A/N: I got the idea for this after "Big Shots". SPOILERS for "Empty Eyes" and "Big Shots".
6 April 2007 5:30 pm
As I type this, I know you are upstairs sleeping - my two wonderful boys that I hold so dear. I couldn't sleep, even with Nicky's arms around me. Last night's case was difficult on all of us, but none more so then our youngest, you Greggo.
I know I seemed bitter and uncaring, and maybe more so the past couple weeks then ever in the past, but it was all my way of keeping our secret just that – a secret. Greg, you don't know how many times I wanted to hold you as the night progressed. I saw the hurt, the pain and the anger as it filled you, because you show all your emotions through your eyes.
Those beautiful brown eyes filled with tears more than once, but I am proud of you. You were the better person in the end, and as long as you know that, then nothing else should matter.
I still cannot believe I have the two of you, you know that, right? Every day I thank whatever higher being there may be for giving you to me. Or was it bringing me to you? No matter the circumstances, we are together. The three of us like the three legs of a tri pod. chuckles I never get sappy, or say things like that, but it is true.

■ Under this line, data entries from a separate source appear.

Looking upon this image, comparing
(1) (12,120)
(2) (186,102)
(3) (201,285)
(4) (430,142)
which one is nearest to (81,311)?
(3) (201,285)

Without one of us, the others would fall. I take it as my responsibility to make sure that does not happen. We have been a family for the last five years, and I could not stand to lose either of you now. We survived when you, Nicky, were buried alive, and I will tell you now since I could not bear to then, but as I watched you, I felt my heart breaking.
I love you both equally, but knowing that you were inches from death and were hanging on for Greg and my sakes gave me the last bit of hope.
Greg, it seems as if you have been getting the beating by the power(s) that be recently. To see you lying on the concrete, half dead, brought me to tears and I had to turn away. You saved a life, even if it did mean accidentally ending another. You are not guilty of anything other than doing what you thought was best in that moment.
I am proud of you for it. Last week was a blow to all of us. If I thought I hated politics before then, I hate them even worse now. I cannot believe the city settled like they did, and it was all about giving the people what they wanted to see, when it came down to it. A cop killed a man. They don't care why.
All of this leads up to the loving that I showed to both of you this morning at the end of the shift. I wanted you both to know you were loved, and so I loved you. Greg, your skin is still smooth as butter when touched, and Nick, your chest is still as sensitive as ever. It had been too long since I gave you both the attention you deserved, and now you sleep, undoubtedly curled in each others arms, not realizing I have let you rest.
I want you both to know that I would not be here if I did not have you in my life. It hurt to leave you for Massachusetts, but I came back to find you just as I left – happy and full of life.
I start this journal for the three of us to share. In it I hope you will tell everything, knowing that everything you say will be read by your loved ones. We keep no secrets from each other, and we should keep no secrets from ourselves. I love you, my boys.